BY PRESENTING a balanced budget for the next financial year, PTI Government has lived up to its promise of providing relief to different segments of the society, ensure accelerated growth and increase job opportunities through a combination of measures.

The budget unfolded by Finance Minister Shaukat Tarin having a total outlay of 8,487 billion rupees, is, no doubt, people and business friendly as well as growth oriented.

The Government had its own limitations due to fiscal challenges but it is also a fact that a party that came into power with votes from the people cannot ignore their difficulties and aspirations.

The masses, who were under great pressure due to sky-rocketing prices of almost all items and services were legitimately expecting a relief and the Government has not disappointed them.

Though the quantum of relief provided to the salaried class and pensioners (10 percent raise) is not enough but it would, to some extent, mitigate their sufferings.

It is hoped that they would be properly compensated commensurate with inflationary trends after the Government receives final report of the Pay and Pension Committee.

The proposal to increase the minimum wage to twenty thousand rupees would also go a long way help ease the inflationary pressures on the low income groups.

Incentives have also been announced for various sectors of the economy including agriculture for which a transformational plan has been devised to increase productivity.

Under this plan, support will be provided from water to seeds, fertilizer, agri-credit, tractors and machinery, commodity warehousing, cold storage and food processing industry.

The budget envisages proposals for investment in establishment of Special Economic Zones, supporting new exports in IT sector and agro-based industries to increase exports.

It also seeks to make CPEC a platform where industries will be relocated providing employment opportunities and bolster our exports.

It is also encouraging that Prime Minister Imran Khan wants to change the course of the history by uplifting four to six million low income households through bottom-up approach from next year.

Every household will be provided 500,000 rupees interest free business loans and every farming household will be given 250,000 rupees interest free farming loan and 200,000 rupees for tractors and machineries.

These families will be provided with low interest housing loans up to two million rupees so that they can build their houses besides provision of a Sehat Card and free technical training.

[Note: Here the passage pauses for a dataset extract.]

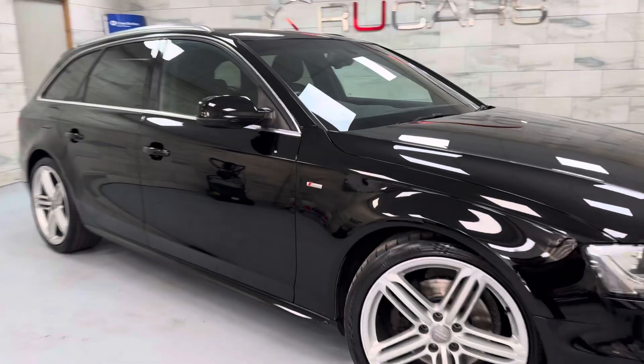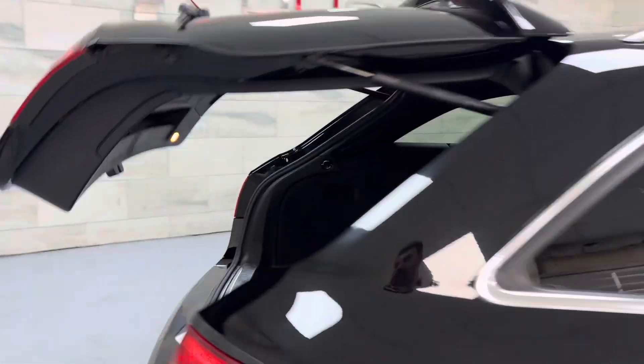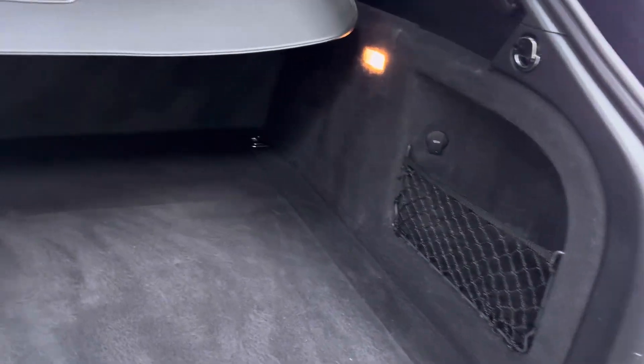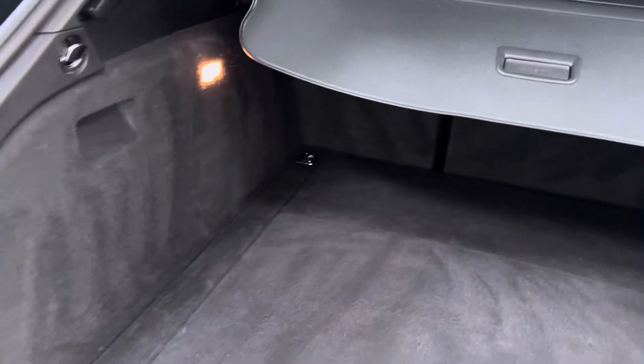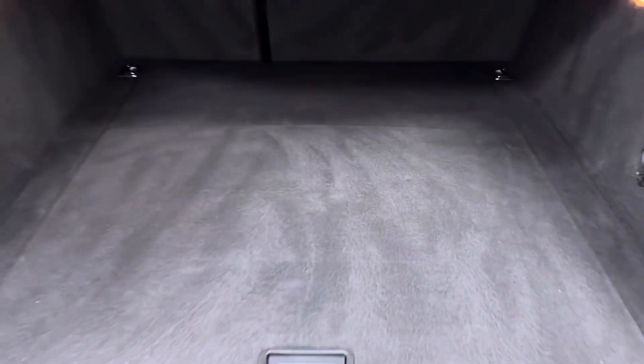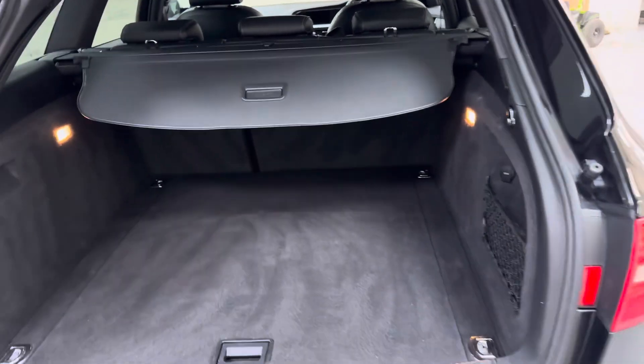ULEZ compliant. We've got the power tailgate, all working perfectly well. We've got your load cover present and your boot is all nice and clean with no nasty smells, no signs of damp or anything like that. Spare wheel is under there — a bit of a rarity these days to find a spare wheel.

This means a comprehensive package to the low-income group people; slogan of which was raised by many leaders in the past but nothing was delivered.

Keeping in view the incentives that the Government has offered for agriculture, housing and industry, it is highly likely that the GDP growth rate of 4.8 percent for the next financial year would easily be achieved especially when the federal developmental allocations have also been increased by 40 percent to 900 billion rupees.

The country cannot grow and prosper until and unless there is substantial increase in revenue collection and every citizen pays his or her taxes honestly.

Towards fulfilment of this objective, FBR revenues are projected to grow by 24 percent from 4691 billion rupees to 5829 billion rupees while non-tax revenues are projected to grow by 22 percent.

The new budget also envisages a number of tax incentives and exemptions for various sectors to promote business activities and provide relief to the general public.

The Government has announced to exempt cars upto 850 cc capacity from levy of federal excise duty and reduce sales tax rate from existing 17 to 12.5 but it should be ensured that the substantial relief given is passed on to the customers.

Incentives for IT sectors are in line with demands of the professionals and it would surely give boost to IT exports.

It is hoped that the budgetary proposals would be made more relevant to the aspirations and demands of the people in the light of the debate to be held in the parliament.